Dz 8,26-40
Ps 66
J 6,44-51
„To jest chleb, który z nieba zstępuje: Kto go je, nie umrze. Ja jestem chlebem żywym, który zstąpił z nieba. Jeśli kto spożywa ten chleb, będzie żył na wieki.” J 6,50-51a
Wydawać by się mogło, że to takie proste… wystarczy, że będę spożywać chleb żywy, czyli Ciało Chrystusa i już mam zapewnione życie wieczne.

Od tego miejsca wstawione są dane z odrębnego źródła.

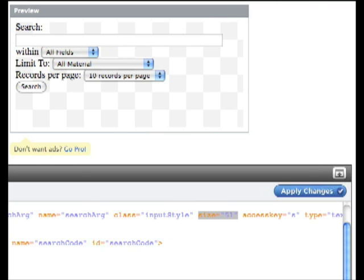Now for all intents and purposes, your widget is finished, but we're going to do a couple more things to make it a little more user friendly and look a little nicer.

Zacznę jednak od początku.
W dniu przyjęcia przez nas sakramentu chrztu świętego, otrzymujemy od Boga trwały, związany z usprawiedliwieniem, niczym nie zasłużony dar… ŁASKĘ UŚWIĘCAJĄCĄ. Jest ona trwałym uzdolnieniem do tego, byśmy mogli doskonalić swoją duszę i dążyć do pełnej jedności z Bogiem, czyli komunii. Ale uwaga… poprzez wierne poddanie się Bożej woli i życie zgodne z Jego miłością, a to już nie jest takie łatwe i oczywiste.
Łaska uświęcająca jest trwała, ale Pan Bóg dał nam wolność, dał nam wolną wolę. Oznacza to, że możemy tę łaskę zarówno przyjąć i z nią współpracować jak i odrzucić. Tym momentem, w którym rezygnujemy z łaski, w którym zrywamy komunię z Bogiem jest nasz grzech. To jest ta chwila, gdy świadomie i zupełnie dobrowolnie, czyli z własnej woli, odwracamy się od Boga i przestajemy współpracować z Jego łaską, z tym najpiękniejszym darem, jaki otrzymaliśmy wtedy, gdy staliśmy się cząstką Kościoła.

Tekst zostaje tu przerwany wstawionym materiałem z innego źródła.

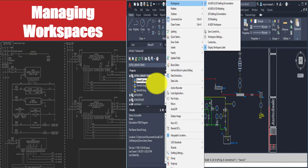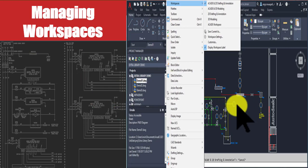Managing workspaces is not important for beginners just starting out. Workspaces become important once you are an expert in the software and are designing drawings for clients. You will then need to manage your workspace and tabs according to your requirements — for example, when you need the ribbon more than other tabs. We will talk about how to make changes in workspaces in the next lectures, including how to increase the drawing area and how to hide or unhide certain tabs.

I teraz wyobraźmy sobie, że będąc w stanie zerwania komunii z Bogiem, przychodzimy, by karmić się Jego Ciałem…
Sakrament Eucharystii (Komunii Świętej) jest znakiem jedności Boga i człowieka, który potwierdza działanie łaski uświęcającej.

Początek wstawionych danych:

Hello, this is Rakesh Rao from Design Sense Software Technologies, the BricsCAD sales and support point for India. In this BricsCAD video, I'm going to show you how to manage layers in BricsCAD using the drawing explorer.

Jak więc moglibyśmy karmić się Ciałem Chrystusa wiedząc, że tej komunii między nami nie ma?
Czy w związku z tym możemy ją odzyskać? Jeśli zaś możemy, to jak?
Nie odkryję Ameryki jeśli powiem, że tę jedność utraconą po grzechu odzyskać możemy przez sakrament pokuty i pojednania. Skutkiem bowiem tego sakramentu jest właśnie przywrócenie utraconej łaski.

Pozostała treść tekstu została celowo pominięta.